L’isolamento e la ricerca del passato

Il coronavirus ci isola. Ci porta a rimanere da soli, a scavare nel passato, a cercare di capire chi siamo e cosa rimane di ciò che siamo stati. Ci sono cassetti in cui conserviamo appunti scritti. La parola scritta non si ammala, non mente, rimane testimone eterna di ciò che abbiamo vissuto.

Un esempio? Una pagina di diario del 2002 riferita a un viaggio di studio di mia figlia in Amazzonia. Quasi due mesi isolata nella foresta con ogni tipo di pericolo davanti. Pochi contatti via internet a distanza di giorni uno dall’altro. Una grande prova. Coraggio e amore. Un ricordo, una traccia di ciò che siamo stati, di ciò che siamo ancora.

31 luglio 2002

Ieri sera, dopo aver guarducchiato il film perché Claudia parlasse in pace per conto suo (via internet) con la sua complice amazzonica (che guarda caso si chiama Cecilia anche lei …o che nome abbinato sempre a gente inquietante!) l’ho raggiunta in camera sua e mi sono distesa sul suo letto a guardarla. Lei mi leggeva la descrizione dei luoghi dove andrà, che in effetti non sono “il bagno Maria” di Rimini con le discoteche e gli spinelli, ma le coste del Rio delle Amazzoni e mentre mi elencava le innumerevoli specie di insetti che vivono SOLO lì e le razze di alligatori che, dice, sono pericolosi SOLO SE SI PESTANO, e mi elencava la percentuale mondiale dei primati, degli uccelli, dei rettili, degli anfibi, dei pesci che sembrava mi sciorinasse tutto il regno animale e vegetale dell’enciclopedia Treccani, mano a mano vedevo i suoi occhi illuminarsi e riempirsi di tutti quei riflessi. E gli occhi suoi riflettevano tutti i colori e i verdi di quelle foreste, si riempivano dei riflessi delle scaglie dei pesci, dei mantelli di ocelot e di giaguari, delle penne di uccelli quasi immaginari, di are, pappagalli e altri nomi neppure mai sentiti. E mentre ero lì sentivo il mio cuore come le crete di Siena, un po’ crettato e diviso in settori. Uno era decisamente di paura “ma dove sta andando questa pazza scatenata?” ma le altre scaglie erano di gioia. Di gioia nel vedere i suoi occhi pieni di gioia. Di gioia perché ce l’ho fatta a portarla fino a qui, ce l’ho fatta a permetterlo. E molto ha voluto dire questo progetto inatteso che mi ha dato i soldi per  questi suoi viaggi e questi studi incoscienti!

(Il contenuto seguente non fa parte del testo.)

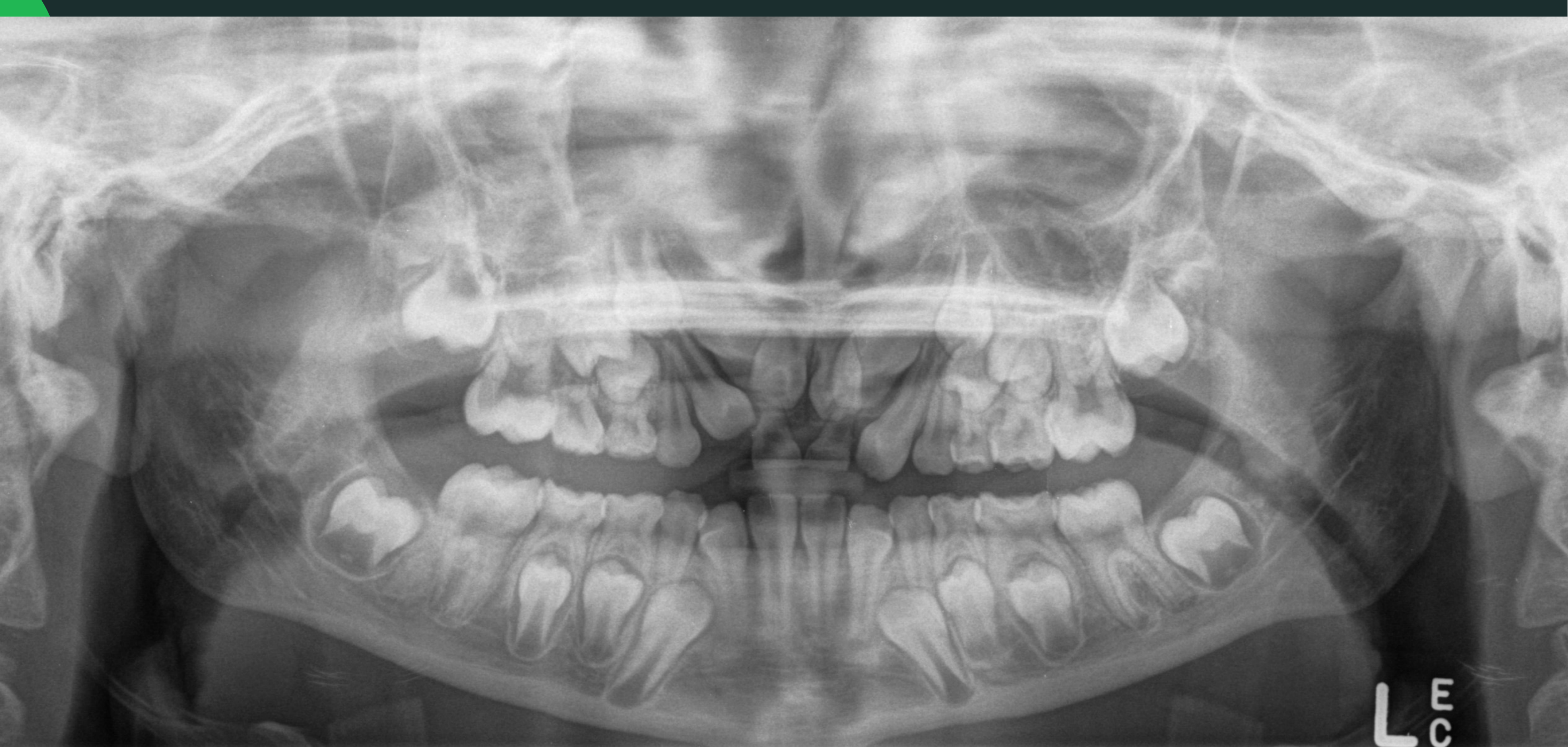 Mixed dentition #3 - Permanent Teeth Development and Position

Un’altra creta  mi diceva: “forse non sei stata una mamma giusta. Potevi insegnarle l’uncinetto, dovevi proteggerla di più”….ma più pensavo così e più qualcosa dentro mi spingeva a pensare “vai vai vai, vai libera, vai felice, è la gioia più grande vederti così, dolce, con quei capelli che saluto addormentati ancora ogni mattina, così fini e teneri e con quello sguardo che è un misto di dolcezza e di diamantina determinazione. Io morirò di ansia, ma ti proteggerò anche da lontano perché non esiste lontananza per un amore, quando è grande davvero….”

E poi ho pensato che se sopravvivo alla paura, questa prova sarà importante anche per me. E allora penso che come ora io aiuto Claudia a realizzare i suoi sogni, sarà lei a dare forza a me e mi aiuterà a liberare la mia energia, e mi darà la spinta perché incontri davvero la persona che è in me.